◆ TASK REQUIREMENTS
Write out the entries below exactly, but only from the line containing "veste matelassée femme" through the line containing "Ceramic Pink Cupcake", and without the pictures.

◆ EXERCISE MATERIALS
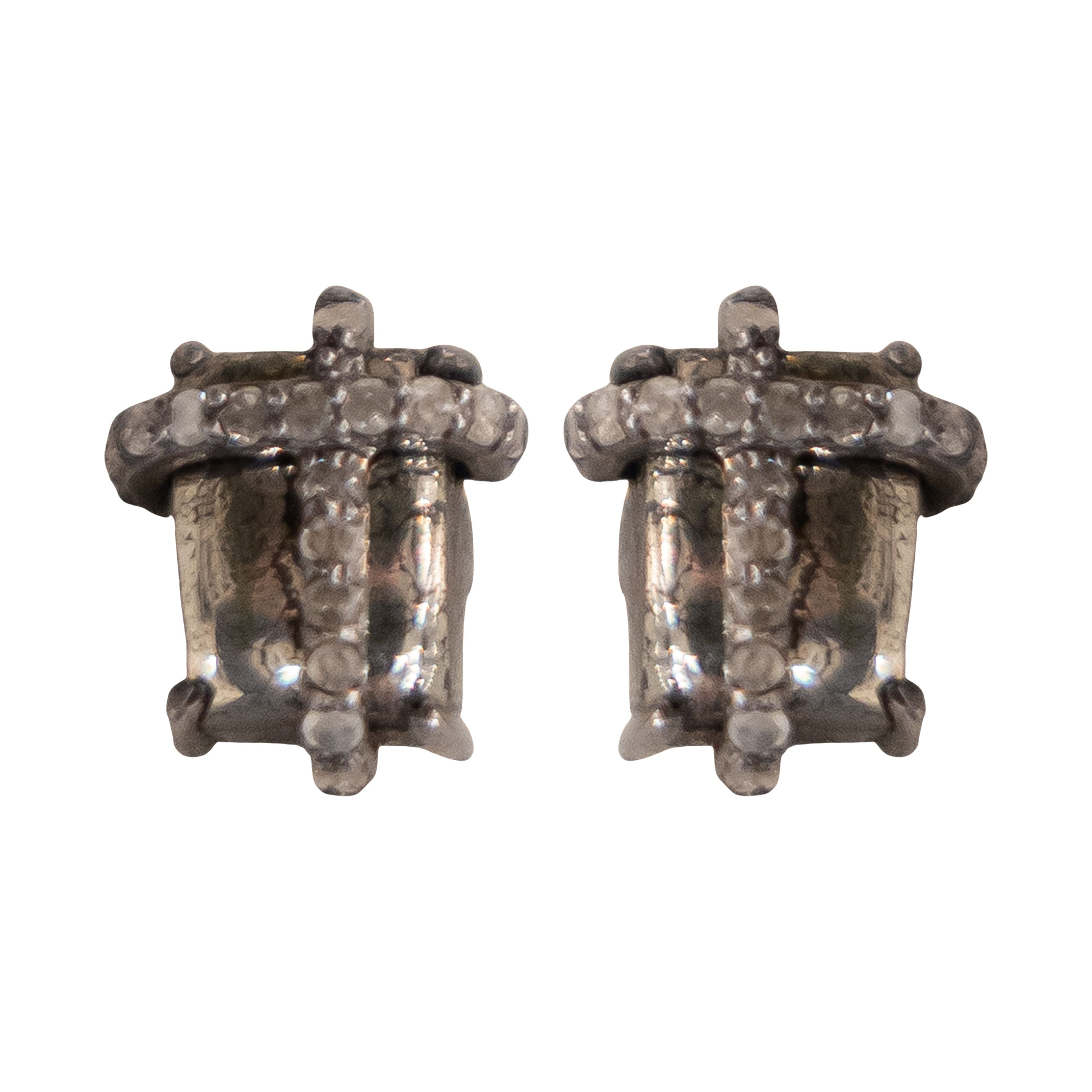 Hematite & Pave Stud Earrings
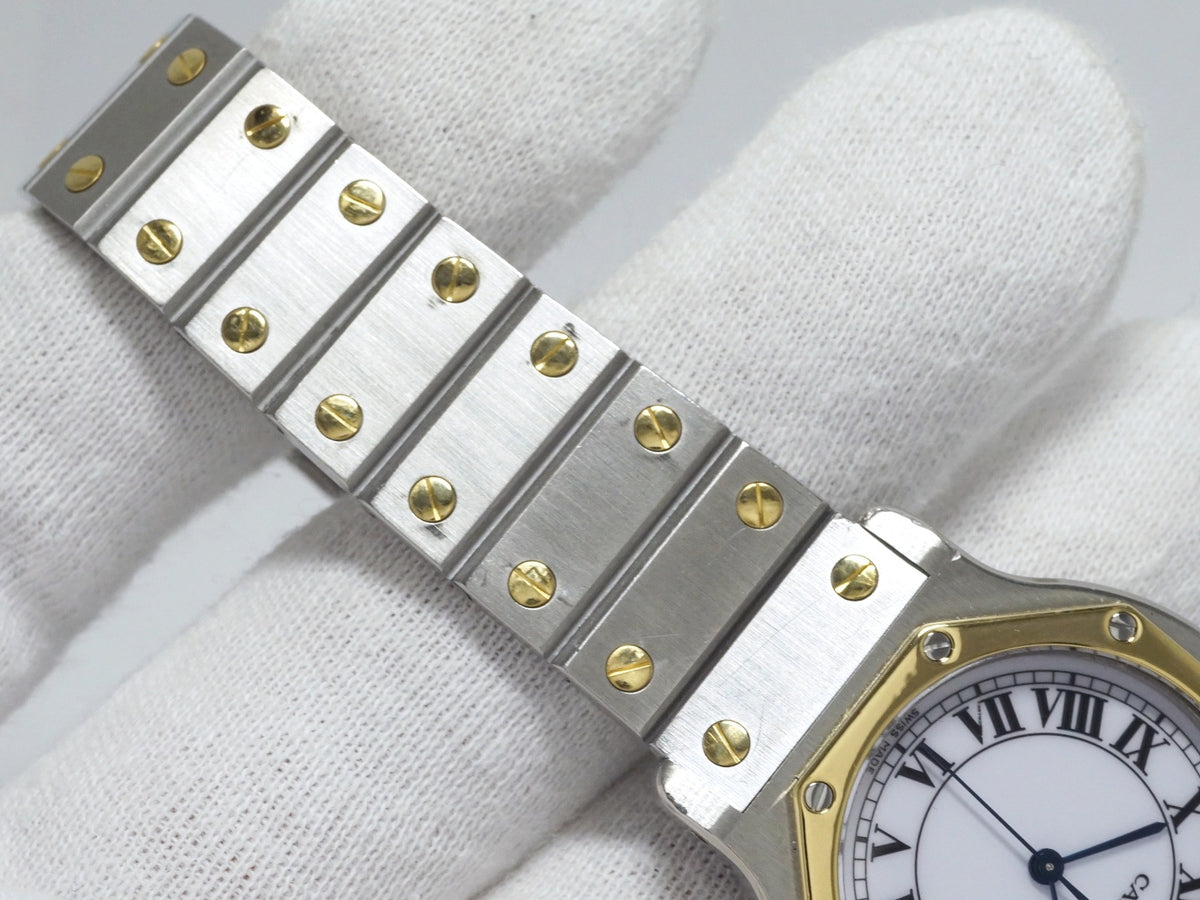カルティエ サントス オクタゴン LM 30mm Ref.2966 コンビ 自動巻き 国際永久保証書付き コンプリートサービス済 1980年購入品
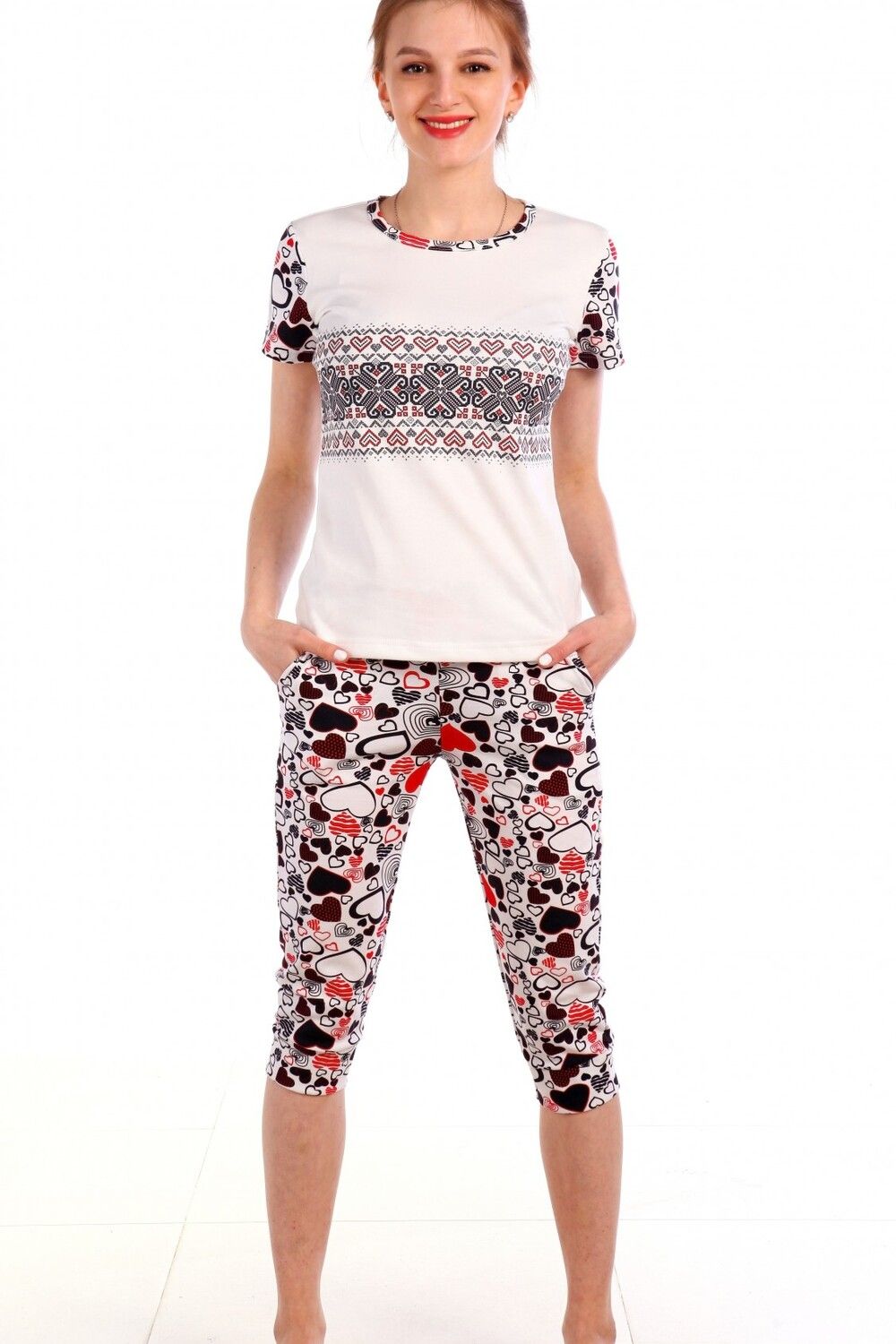 Женская пижама с бриджами и футболкой 3 - белый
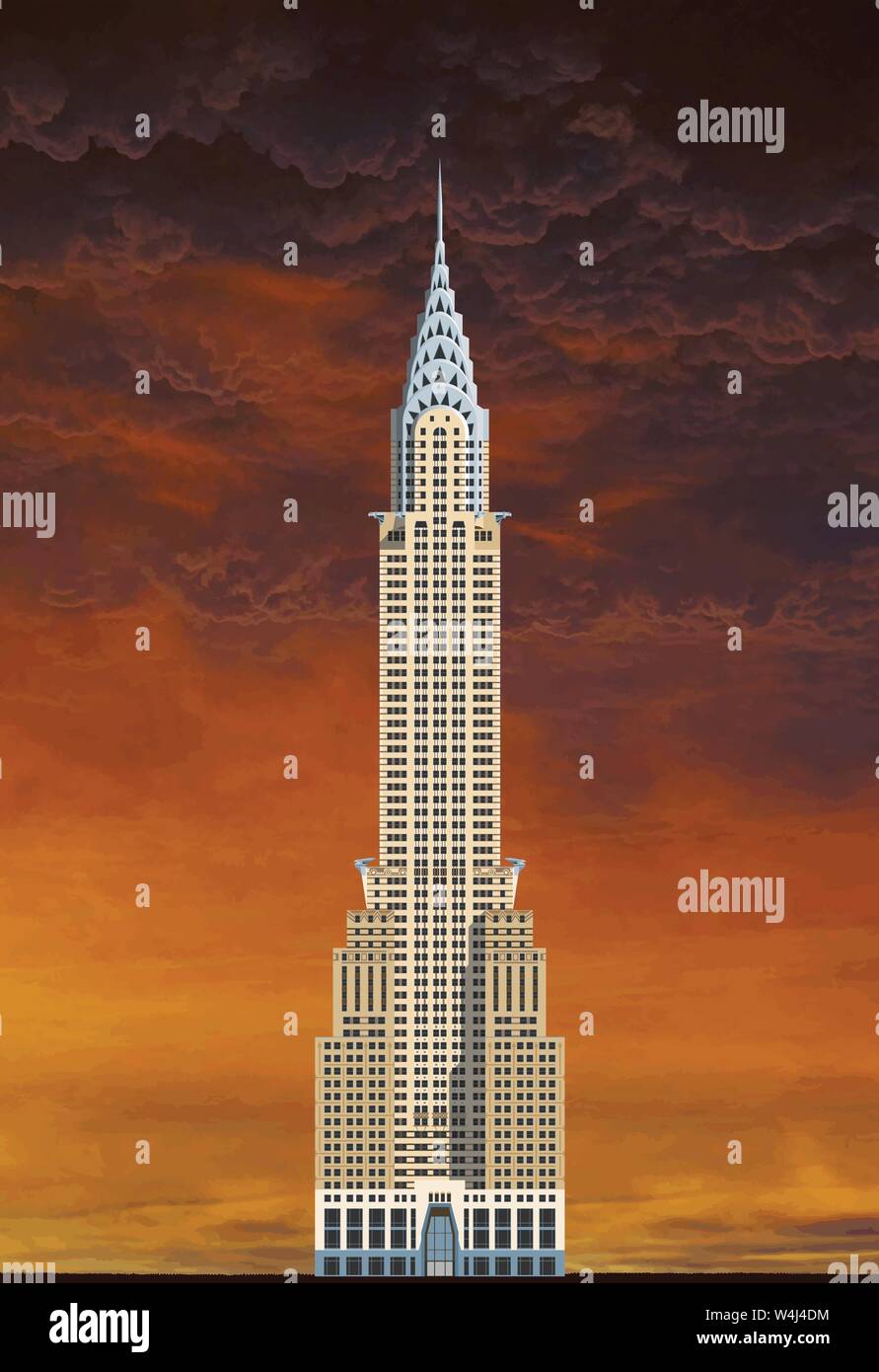 Chrysler Building contro un cielo drammatico. Illustrazione Vettoriale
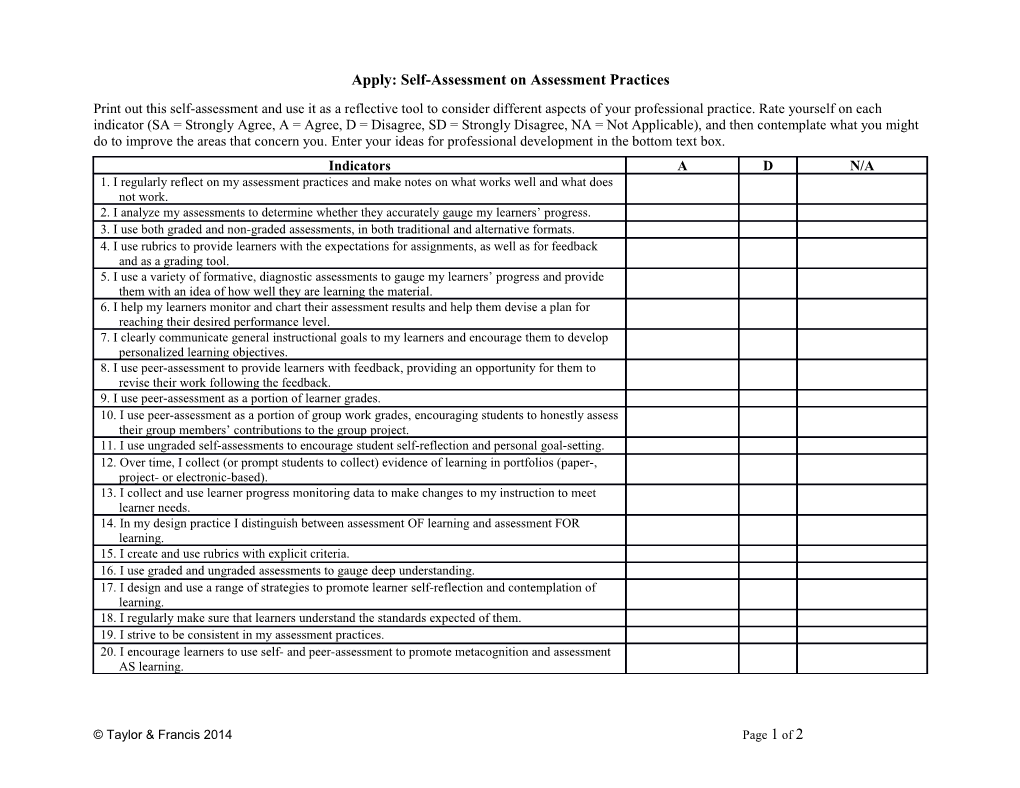 Apply: Self-Assessment on Assessment Practices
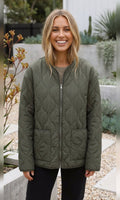 veste matelassée femme oversize col rond en vert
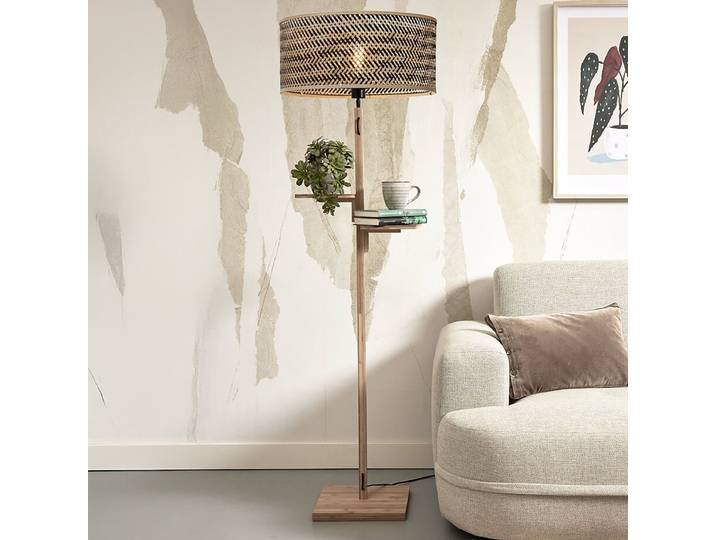 Stehleuchte Java Typ A Ø 50cm Multicolor/Schwarz/Beige Bambus E27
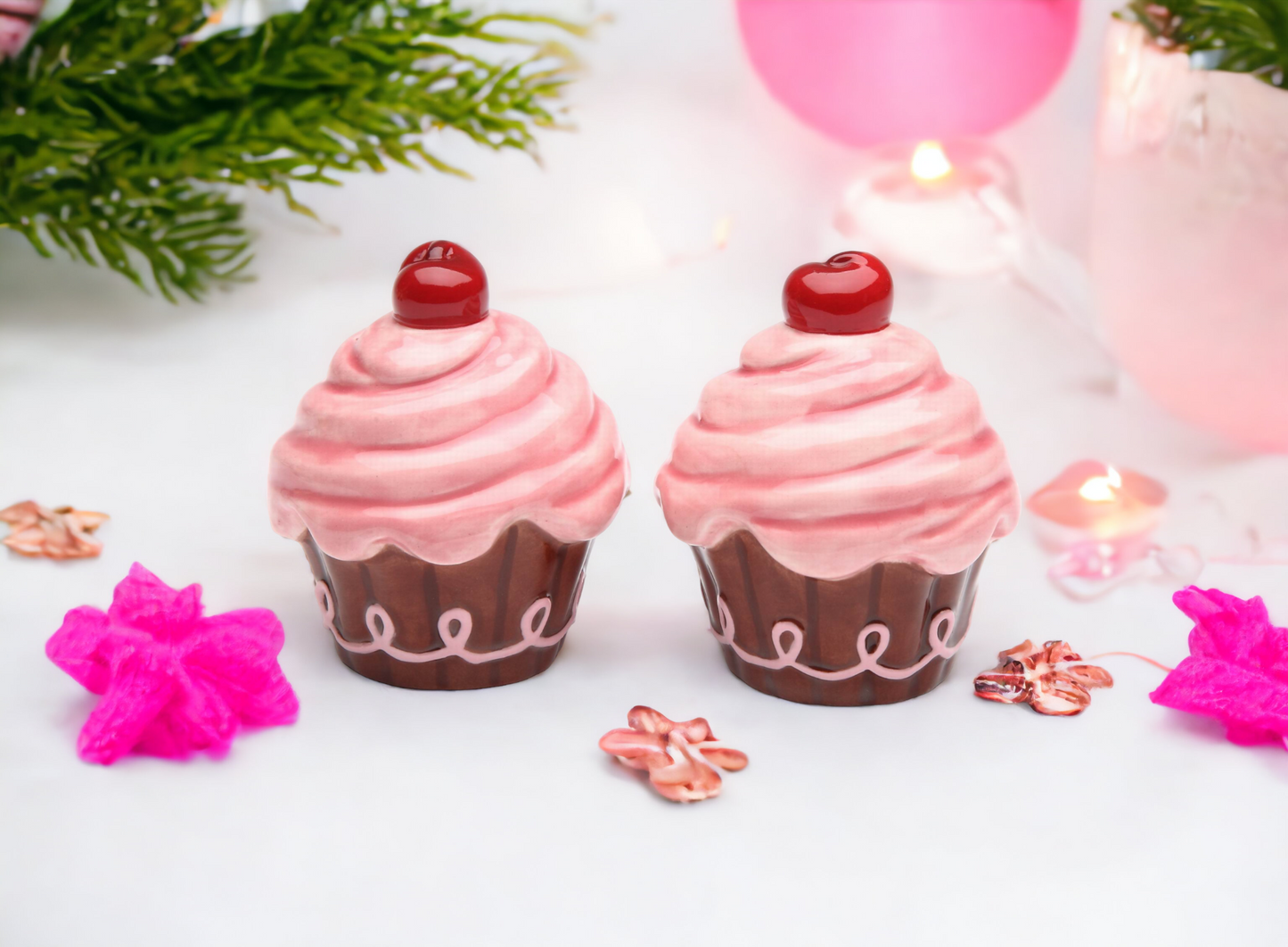 Ceramic Pink Cupcake Salt & Pepper Shakers Wedding Décor Gift for Her Gift for Mom Kitchen Décor Bakery Décor Café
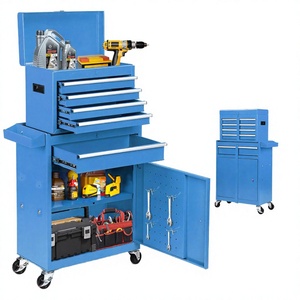 Coffre à outils roulant à 5 tiroirs avec 2 casiers et armoire de rangement amovible, système de double verrouillage OEM, hauteur réglable - Noir - Product Image 2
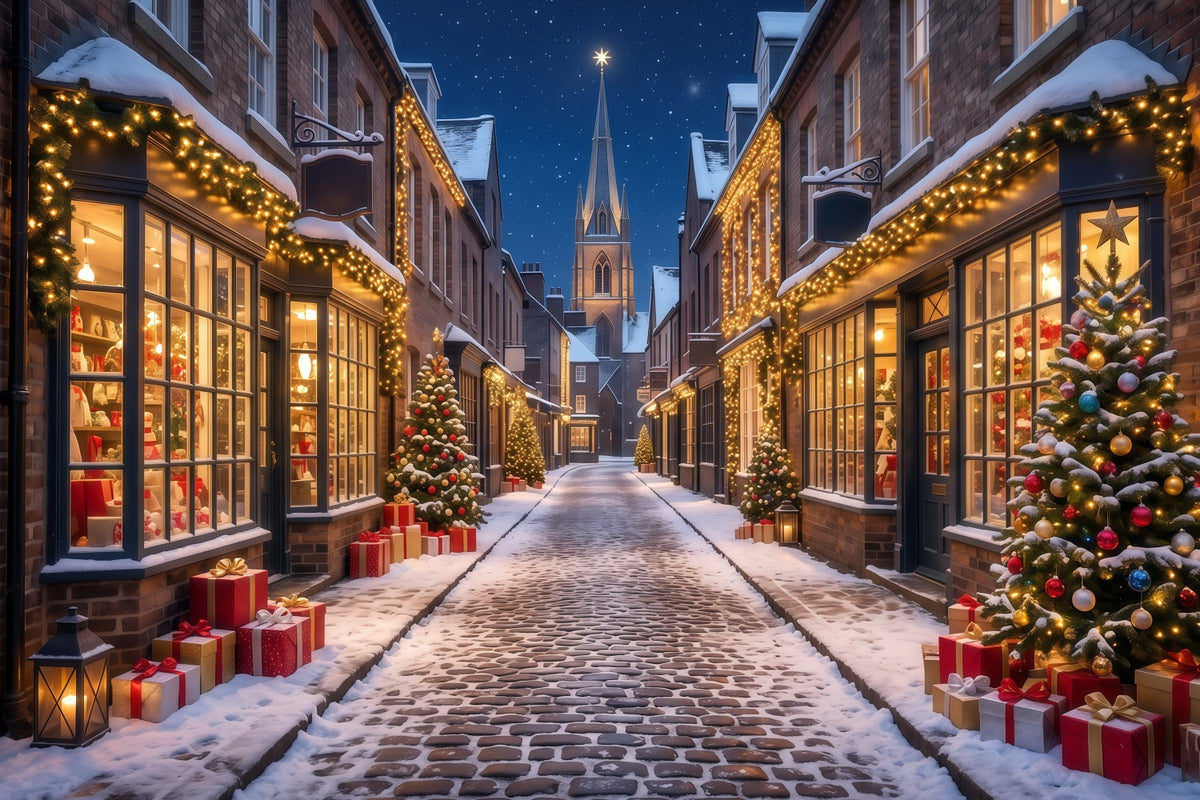 Christmas Village Backdrops Snowy Illuminated Shopping Street Backdrops for Christmas Photos RR610-180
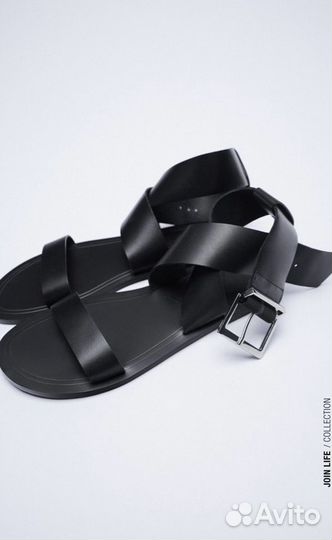 Сандалии кожаные Zara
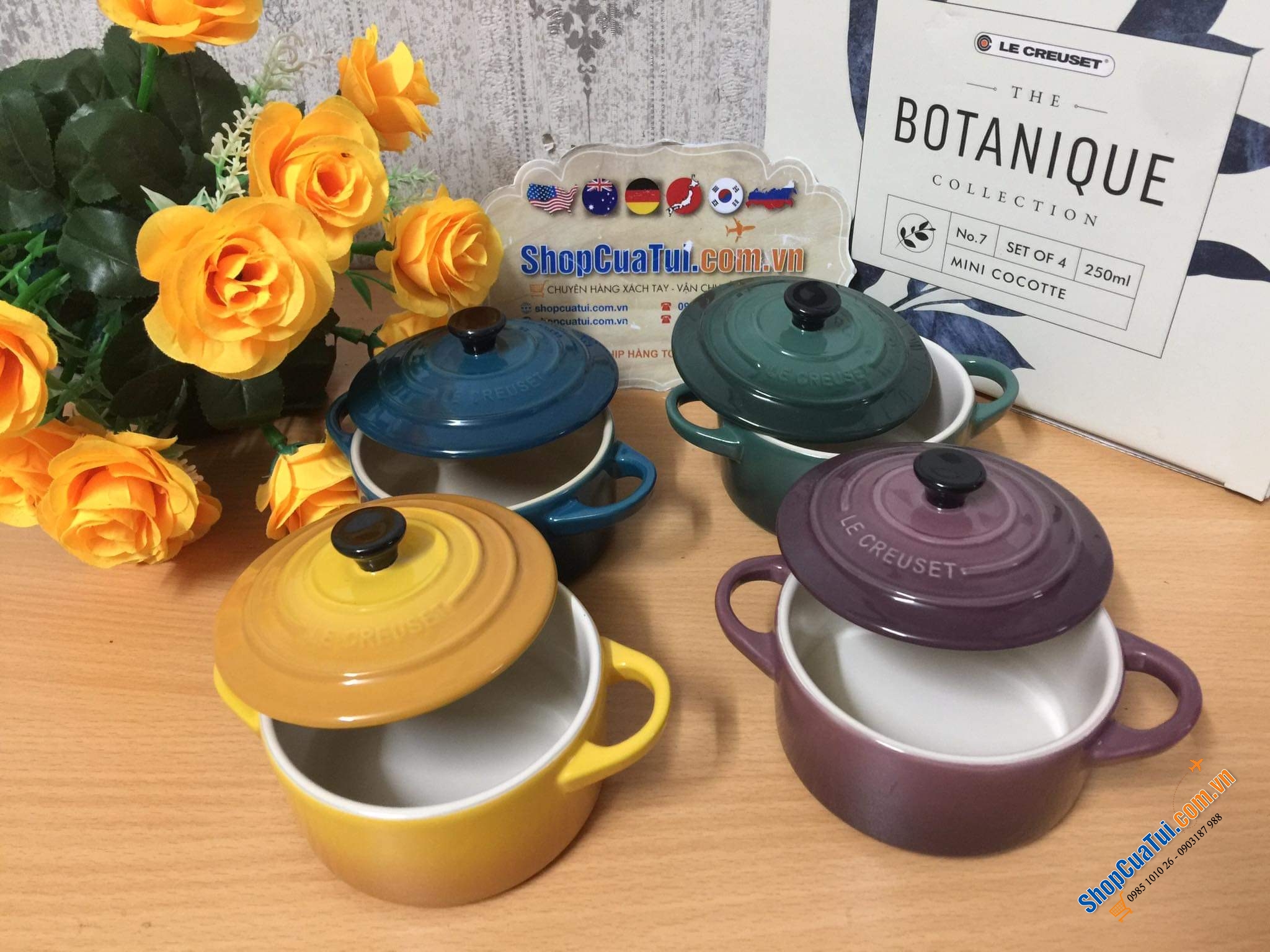 SET 4 NỒI LE CREUSET 10 CM KÈM HỘP BOTANIQUE - MUA AUTH TẠI ĐỨC ĐỦ BILL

◆ ANSWER AREA
 veste matelassée femme oversize col rond en vert
 Stehleuchte Java Typ A Ø 50cm Multicolor/Schwarz/Beige Bambus E27
 Ceramic Pink Cupcake Salt & Pepper Shakers Wedding Décor Gift for Her Gift for Mom Kitchen Décor Bakery Décor Café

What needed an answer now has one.